* _What is needed_
The following data has a line with "MARAZZI TREVERKCHIC TEAK ASIA 30X120" and a line with "4-комнатная квартира ·". Write out exactly those lines and all the lines between them.

[Records from a data source]

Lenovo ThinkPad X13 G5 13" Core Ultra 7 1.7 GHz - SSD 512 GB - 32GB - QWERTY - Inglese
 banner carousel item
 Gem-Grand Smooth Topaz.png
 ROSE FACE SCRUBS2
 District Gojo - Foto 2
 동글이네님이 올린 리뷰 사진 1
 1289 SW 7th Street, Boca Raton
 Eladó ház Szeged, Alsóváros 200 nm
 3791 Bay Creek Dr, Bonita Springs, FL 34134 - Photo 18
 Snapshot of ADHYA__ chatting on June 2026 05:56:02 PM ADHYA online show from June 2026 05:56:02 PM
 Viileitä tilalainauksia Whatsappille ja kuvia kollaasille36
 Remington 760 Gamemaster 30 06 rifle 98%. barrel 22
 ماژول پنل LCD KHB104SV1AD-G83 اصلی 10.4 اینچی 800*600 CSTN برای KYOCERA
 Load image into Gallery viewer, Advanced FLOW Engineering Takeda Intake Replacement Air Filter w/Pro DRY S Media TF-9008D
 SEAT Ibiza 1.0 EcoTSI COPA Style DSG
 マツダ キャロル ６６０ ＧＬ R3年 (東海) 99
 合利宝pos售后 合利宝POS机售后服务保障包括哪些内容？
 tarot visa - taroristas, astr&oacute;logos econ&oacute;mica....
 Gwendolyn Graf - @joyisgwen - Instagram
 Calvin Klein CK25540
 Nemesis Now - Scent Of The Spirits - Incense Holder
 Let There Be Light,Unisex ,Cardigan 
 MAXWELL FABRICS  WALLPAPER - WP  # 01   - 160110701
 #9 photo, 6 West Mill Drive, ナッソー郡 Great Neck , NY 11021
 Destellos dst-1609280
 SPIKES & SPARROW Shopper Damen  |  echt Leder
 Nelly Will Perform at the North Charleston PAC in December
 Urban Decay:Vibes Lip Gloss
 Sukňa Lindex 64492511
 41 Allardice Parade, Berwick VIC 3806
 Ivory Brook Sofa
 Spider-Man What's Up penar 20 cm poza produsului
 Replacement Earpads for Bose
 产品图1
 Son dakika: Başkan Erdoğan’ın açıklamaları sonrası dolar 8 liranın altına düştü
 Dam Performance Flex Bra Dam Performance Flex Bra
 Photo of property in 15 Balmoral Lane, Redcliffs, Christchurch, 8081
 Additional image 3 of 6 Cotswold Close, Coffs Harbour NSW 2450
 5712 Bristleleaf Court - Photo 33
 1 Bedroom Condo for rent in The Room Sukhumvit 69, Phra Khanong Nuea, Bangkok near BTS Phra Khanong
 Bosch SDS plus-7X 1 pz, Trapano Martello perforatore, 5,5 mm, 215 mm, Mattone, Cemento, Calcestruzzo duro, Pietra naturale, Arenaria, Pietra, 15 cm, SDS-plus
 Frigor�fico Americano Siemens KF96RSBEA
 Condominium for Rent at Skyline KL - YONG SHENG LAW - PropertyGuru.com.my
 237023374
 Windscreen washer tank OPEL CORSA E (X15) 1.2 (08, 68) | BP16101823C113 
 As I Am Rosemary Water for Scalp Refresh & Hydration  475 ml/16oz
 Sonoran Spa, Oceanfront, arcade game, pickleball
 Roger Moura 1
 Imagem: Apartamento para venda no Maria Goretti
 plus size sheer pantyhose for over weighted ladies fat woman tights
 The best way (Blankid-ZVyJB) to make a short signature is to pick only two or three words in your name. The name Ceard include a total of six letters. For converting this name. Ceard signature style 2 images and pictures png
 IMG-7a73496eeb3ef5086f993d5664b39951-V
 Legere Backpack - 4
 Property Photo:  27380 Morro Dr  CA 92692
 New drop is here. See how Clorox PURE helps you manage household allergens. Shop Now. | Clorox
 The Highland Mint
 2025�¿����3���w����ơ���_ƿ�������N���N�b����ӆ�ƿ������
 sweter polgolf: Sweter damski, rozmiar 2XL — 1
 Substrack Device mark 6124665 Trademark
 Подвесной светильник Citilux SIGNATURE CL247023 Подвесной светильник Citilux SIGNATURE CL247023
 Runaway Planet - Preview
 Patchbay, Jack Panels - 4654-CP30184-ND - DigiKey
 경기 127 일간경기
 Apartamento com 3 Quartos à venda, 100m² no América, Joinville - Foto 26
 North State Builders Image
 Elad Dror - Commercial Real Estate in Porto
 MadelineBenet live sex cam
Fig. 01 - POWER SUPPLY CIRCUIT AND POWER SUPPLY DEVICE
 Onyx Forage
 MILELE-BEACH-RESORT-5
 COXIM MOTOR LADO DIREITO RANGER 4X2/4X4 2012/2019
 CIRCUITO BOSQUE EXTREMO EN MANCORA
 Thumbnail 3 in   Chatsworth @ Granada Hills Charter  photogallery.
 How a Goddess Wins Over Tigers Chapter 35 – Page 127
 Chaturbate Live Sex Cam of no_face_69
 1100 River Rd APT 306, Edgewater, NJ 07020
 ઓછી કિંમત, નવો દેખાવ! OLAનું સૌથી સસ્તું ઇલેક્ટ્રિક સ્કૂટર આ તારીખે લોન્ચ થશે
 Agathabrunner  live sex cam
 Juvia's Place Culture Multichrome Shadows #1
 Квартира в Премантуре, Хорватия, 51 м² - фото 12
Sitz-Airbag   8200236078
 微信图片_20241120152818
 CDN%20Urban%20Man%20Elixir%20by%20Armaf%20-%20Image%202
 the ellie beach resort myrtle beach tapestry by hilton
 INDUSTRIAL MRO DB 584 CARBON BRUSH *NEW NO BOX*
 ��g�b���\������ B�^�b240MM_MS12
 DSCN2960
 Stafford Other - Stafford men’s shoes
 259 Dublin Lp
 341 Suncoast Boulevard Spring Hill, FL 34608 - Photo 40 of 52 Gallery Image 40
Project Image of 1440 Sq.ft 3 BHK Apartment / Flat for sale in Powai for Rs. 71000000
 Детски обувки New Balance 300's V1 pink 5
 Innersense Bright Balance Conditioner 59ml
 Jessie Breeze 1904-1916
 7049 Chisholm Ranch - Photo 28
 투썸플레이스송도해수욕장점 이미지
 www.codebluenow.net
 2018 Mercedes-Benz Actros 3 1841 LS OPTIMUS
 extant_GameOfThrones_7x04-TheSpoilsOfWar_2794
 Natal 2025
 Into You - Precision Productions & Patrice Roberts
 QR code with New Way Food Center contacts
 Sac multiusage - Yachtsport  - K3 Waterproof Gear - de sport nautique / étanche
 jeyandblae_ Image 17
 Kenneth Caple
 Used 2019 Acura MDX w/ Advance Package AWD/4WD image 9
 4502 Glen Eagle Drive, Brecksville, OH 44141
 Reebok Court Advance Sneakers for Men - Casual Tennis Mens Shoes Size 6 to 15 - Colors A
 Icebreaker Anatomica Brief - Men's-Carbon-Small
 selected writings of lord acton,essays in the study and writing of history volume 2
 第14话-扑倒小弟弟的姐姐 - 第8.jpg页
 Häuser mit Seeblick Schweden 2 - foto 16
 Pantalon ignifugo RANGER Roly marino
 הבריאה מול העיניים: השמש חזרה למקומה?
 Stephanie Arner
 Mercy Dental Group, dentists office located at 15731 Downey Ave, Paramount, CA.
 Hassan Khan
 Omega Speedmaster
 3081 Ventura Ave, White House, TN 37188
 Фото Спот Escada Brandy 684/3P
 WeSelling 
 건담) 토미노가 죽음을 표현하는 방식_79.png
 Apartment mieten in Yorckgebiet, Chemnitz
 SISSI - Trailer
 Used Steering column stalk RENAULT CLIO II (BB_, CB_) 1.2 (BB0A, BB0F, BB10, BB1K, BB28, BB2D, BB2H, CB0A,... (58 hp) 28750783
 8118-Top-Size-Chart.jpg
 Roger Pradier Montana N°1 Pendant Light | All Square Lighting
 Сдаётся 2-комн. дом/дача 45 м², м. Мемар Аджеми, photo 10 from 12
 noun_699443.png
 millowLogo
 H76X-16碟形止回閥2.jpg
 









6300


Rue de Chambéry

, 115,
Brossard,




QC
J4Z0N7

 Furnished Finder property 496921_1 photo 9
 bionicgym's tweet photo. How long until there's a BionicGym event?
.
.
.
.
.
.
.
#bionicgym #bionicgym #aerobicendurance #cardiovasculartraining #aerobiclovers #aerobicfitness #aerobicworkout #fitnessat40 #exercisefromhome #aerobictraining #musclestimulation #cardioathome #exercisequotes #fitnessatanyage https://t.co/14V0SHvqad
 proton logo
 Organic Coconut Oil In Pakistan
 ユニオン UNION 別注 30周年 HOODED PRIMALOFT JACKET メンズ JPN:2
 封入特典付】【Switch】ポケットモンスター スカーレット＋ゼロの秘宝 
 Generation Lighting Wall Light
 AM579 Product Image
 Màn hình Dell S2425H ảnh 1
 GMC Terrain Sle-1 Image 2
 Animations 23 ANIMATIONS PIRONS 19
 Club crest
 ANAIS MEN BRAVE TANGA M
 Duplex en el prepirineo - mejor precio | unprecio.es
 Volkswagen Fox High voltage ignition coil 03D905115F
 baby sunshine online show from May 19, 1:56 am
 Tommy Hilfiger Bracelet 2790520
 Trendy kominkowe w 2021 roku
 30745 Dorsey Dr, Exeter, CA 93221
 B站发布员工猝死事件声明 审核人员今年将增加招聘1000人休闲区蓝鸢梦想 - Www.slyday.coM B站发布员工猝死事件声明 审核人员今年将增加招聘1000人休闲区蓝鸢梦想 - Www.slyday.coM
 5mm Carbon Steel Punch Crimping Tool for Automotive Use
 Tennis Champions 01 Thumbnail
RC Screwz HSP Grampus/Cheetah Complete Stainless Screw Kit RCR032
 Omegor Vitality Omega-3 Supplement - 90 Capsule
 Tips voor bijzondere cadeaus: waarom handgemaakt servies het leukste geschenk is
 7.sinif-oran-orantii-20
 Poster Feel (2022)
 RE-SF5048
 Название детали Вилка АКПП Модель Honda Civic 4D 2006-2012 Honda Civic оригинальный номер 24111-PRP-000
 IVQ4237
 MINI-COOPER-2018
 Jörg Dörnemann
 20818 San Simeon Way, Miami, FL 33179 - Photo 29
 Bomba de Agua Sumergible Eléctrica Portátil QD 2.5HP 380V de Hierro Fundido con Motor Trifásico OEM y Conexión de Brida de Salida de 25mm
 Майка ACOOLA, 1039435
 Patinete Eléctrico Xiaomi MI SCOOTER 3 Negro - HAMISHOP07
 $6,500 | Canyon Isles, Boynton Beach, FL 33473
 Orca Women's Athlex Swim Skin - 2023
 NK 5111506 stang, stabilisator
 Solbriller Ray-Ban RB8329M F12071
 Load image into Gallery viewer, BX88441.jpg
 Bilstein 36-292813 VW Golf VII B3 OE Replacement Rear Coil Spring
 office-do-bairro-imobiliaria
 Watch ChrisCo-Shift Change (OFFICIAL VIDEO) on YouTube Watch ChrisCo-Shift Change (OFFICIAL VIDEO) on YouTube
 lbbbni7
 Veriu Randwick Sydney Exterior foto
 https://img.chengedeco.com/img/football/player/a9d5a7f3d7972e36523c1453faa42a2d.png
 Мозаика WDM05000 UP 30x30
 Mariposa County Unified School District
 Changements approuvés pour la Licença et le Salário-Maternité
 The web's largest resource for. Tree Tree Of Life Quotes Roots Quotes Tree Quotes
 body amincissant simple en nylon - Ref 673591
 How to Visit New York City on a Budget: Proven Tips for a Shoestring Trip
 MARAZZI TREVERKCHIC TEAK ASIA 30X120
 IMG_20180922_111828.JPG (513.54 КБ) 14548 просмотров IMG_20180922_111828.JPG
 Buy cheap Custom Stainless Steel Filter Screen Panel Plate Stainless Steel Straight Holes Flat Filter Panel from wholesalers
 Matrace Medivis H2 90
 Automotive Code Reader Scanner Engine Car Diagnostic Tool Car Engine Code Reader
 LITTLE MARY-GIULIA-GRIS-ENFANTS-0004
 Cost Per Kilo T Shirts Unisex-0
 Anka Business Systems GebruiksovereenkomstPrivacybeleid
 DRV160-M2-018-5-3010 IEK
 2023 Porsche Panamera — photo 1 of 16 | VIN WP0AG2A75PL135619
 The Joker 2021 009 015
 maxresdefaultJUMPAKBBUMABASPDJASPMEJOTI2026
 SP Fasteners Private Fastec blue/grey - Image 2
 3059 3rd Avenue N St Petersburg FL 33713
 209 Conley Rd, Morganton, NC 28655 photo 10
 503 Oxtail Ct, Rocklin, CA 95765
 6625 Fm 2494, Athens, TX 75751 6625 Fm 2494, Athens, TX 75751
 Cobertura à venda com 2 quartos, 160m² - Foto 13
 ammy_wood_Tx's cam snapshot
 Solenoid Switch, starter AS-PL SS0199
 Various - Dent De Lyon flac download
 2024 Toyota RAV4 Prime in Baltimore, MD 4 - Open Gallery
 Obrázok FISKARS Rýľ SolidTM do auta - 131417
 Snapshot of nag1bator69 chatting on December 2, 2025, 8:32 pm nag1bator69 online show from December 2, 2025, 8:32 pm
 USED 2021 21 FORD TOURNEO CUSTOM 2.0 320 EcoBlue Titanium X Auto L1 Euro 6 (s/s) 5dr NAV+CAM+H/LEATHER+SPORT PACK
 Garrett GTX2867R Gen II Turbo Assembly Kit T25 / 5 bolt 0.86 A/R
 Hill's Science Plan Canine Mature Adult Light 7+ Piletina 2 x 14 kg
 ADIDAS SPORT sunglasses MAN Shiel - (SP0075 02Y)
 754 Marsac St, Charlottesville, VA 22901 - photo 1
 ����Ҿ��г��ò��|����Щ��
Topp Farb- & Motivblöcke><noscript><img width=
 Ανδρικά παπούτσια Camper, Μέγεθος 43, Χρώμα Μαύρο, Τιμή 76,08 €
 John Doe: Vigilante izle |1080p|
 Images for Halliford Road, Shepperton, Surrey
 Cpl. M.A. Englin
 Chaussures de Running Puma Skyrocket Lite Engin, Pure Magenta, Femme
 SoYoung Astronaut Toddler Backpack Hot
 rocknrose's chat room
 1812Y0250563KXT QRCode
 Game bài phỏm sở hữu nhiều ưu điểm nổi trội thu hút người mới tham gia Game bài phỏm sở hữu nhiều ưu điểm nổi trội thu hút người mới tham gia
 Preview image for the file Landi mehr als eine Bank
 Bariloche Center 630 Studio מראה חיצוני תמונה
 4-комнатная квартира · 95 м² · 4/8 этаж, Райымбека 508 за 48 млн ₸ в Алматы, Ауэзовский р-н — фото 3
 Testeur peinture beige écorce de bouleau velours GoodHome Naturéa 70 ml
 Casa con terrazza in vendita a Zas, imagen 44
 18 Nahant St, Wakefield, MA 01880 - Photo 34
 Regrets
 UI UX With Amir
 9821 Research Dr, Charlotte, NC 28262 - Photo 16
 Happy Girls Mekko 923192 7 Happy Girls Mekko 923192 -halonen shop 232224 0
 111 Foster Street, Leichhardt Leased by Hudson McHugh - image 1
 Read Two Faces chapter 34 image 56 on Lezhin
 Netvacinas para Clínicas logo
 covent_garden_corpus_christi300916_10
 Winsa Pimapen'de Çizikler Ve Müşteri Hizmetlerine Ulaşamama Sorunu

* _Response to this exercise_
 MARAZZI TREVERKCHIC TEAK ASIA 30X120
 IMG_20180922_111828.JPG (513.54 КБ) 14548 просмотров IMG_20180922_111828.JPG
 Buy cheap Custom Stainless Steel Filter Screen Panel Plate Stainless Steel Straight Holes Flat Filter Panel from wholesalers
 Matrace Medivis H2 90
 Automotive Code Reader Scanner Engine Car Diagnostic Tool Car Engine Code Reader
 LITTLE MARY-GIULIA-GRIS-ENFANTS-0004
 Cost Per Kilo T Shirts Unisex-0
 Anka Business Systems GebruiksovereenkomstPrivacybeleid
 DRV160-M2-018-5-3010 IEK
 2023 Porsche Panamera — photo 1 of 16 | VIN WP0AG2A75PL135619
 The Joker 2021 009 015
 maxresdefaultJUMPAKBBUMABASPDJASPMEJOTI2026
 SP Fasteners Private Fastec blue/grey - Image 2
 3059 3rd Avenue N St Petersburg FL 33713
 209 Conley Rd, Morganton, NC 28655 photo 10
 503 Oxtail Ct, Rocklin, CA 95765
 6625 Fm 2494, Athens, TX 75751 6625 Fm 2494, Athens, TX 75751
 Cobertura à venda com 2 quartos, 160m² - Foto 13
 ammy_wood_Tx's cam snapshot
 Solenoid Switch, starter AS-PL SS0199
 Various - Dent De Lyon flac download
 2024 Toyota RAV4 Prime in Baltimore, MD 4 - Open Gallery
 Obrázok FISKARS Rýľ SolidTM do auta - 131417
 Snapshot of nag1bator69 chatting on December 2, 2025, 8:32 pm nag1bator69 online show from December 2, 2025, 8:32 pm
 USED 2021 21 FORD TOURNEO CUSTOM 2.0 320 EcoBlue Titanium X Auto L1 Euro 6 (s/s) 5dr NAV+CAM+H/LEATHER+SPORT PACK
 Garrett GTX2867R Gen II Turbo Assembly Kit T25 / 5 bolt 0.86 A/R
 Hill's Science Plan Canine Mature Adult Light 7+ Piletina 2 x 14 kg
 ADIDAS SPORT sunglasses MAN Shiel - (SP0075 02Y)
 754 Marsac St, Charlottesville, VA 22901 - photo 1
 ����Ҿ��г��ò��|����Щ��
Topp Farb- & Motivblöcke><noscript><img width=
 Ανδρικά παπούτσια Camper, Μέγεθος 43, Χρώμα Μαύρο, Τιμή 76,08 €
 John Doe: Vigilante izle |1080p|
 Images for Halliford Road, Shepperton, Surrey
 Cpl. M.A. Englin
 Chaussures de Running Puma Skyrocket Lite Engin, Pure Magenta, Femme
 SoYoung Astronaut Toddler Backpack Hot
 rocknrose's chat room
 1812Y0250563KXT QRCode
 Game bài phỏm sở hữu nhiều ưu điểm nổi trội thu hút người mới tham gia Game bài phỏm sở hữu nhiều ưu điểm nổi trội thu hút người mới tham gia
 Preview image for the file Landi mehr als eine Bank
 Bariloche Center 630 Studio מראה חיצוני תמונה
 4-комнатная квартира · 95 м² · 4/8 этаж, Райымбека 508 за 48 млн ₸ в Алматы, Ауэзовский р-н — фото 3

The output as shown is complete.